All of lore.kernel.org
 help / color / mirror / Atom feed
From: Hanna Reitz <hreitz@redhat.com>
To: Emanuele Giuseppe Esposito <eesposit@redhat.com>, qemu-block@nongnu.org
Cc: "Kevin Wolf" <kwolf@redhat.com>, "Fam Zheng" <fam@euphon.net>,
	"Vladimir Sementsov-Ogievskiy" <vsementsov@virtuozzo.com>,
	"Daniel P. Berrangé" <berrange@redhat.com>,
	"Eduardo Habkost" <ehabkost@redhat.com>,
	"Juan Quintela" <quintela@redhat.com>,
	qemu-devel@nongnu.org, "John Snow" <jsnow@redhat.com>,
	"Richard Henderson" <richard.henderson@linaro.org>,
	"Markus Armbruster" <armbru@redhat.com>,
	"Dr.
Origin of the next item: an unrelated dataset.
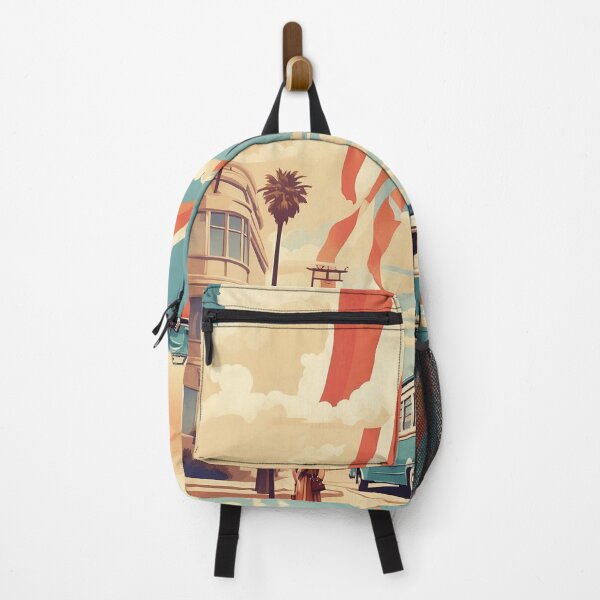 Item preview, Evanston Illinois USA Vintage Travel Tourism  designed and sold by TravelersGems.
David Alan Gilbert" <dgilbert@redhat.com>,
	"Stefan Hajnoczi" <stefanha@redhat.com>,
	"Paolo Bonzini" <pbonzini@redhat.com>,
	"Eric Blake" <eblake@redhat.com>
Subject: Re: [PATCH v4 19/25] block_int-common.h: split function pointers in BlockDriver
Date: Mon, 15 Nov 2021 13:00:07 +0100	[thread overview]
Message-ID: <619cd983-4339-f70d-af25-678f5a7ebd83@redhat.com> (raw)
In-Reply-To: <20211025101735.2060852-20-eesposit@redhat.com>

On 25.10.21 12:17, Emanuele Giuseppe Esposito wrote:
> Similar to the header split, also the function pointers in BlockDriver
> can be split in I/O and global state.
>
> Signed-off-by: Emanuele Giuseppe Esposito <eesposit@redhat.com>
> Reviewed-by: Stefan Hajnoczi <stefanha@redhat.com>
> ---
>   include/block/block_int-common.h | 458 ++++++++++++++++---------------
>   1 file changed, 237 insertions(+), 221 deletions(-)
>
> diff --git a/include/block/block_int-common.h b/include/block/block_int-common.h
> index 79a3d801d2..9857e775fe 100644
> --- a/include/block/block_int-common.h
> +++ b/include/block/block_int-common.h
> @@ -96,6 +96,7 @@ typedef struct BdrvTrackedRequest {
>   
>   
>   struct BlockDriver {
> +    /* Fields initialized in struct definition and never changed. */

I find this a bit difficult to understand.  Perhaps we could be more 
verbose to make it easier to read?  Like

“These fields are initialized when this object is created, and are never 
changed afterwards”

And I’d also add an empty line below to make visually clear that this 
does not describe the single subsequent field (format_name) but the 
whole chunk of fields.

I also wonder if we could substantiate the claim “never changed 
afterwards” by making these fields consts.  Then again, I suppose 
technically none of the fields in BlockDriver is supposed to be mutable 
(except for .list), neither these fields nor the function pointers...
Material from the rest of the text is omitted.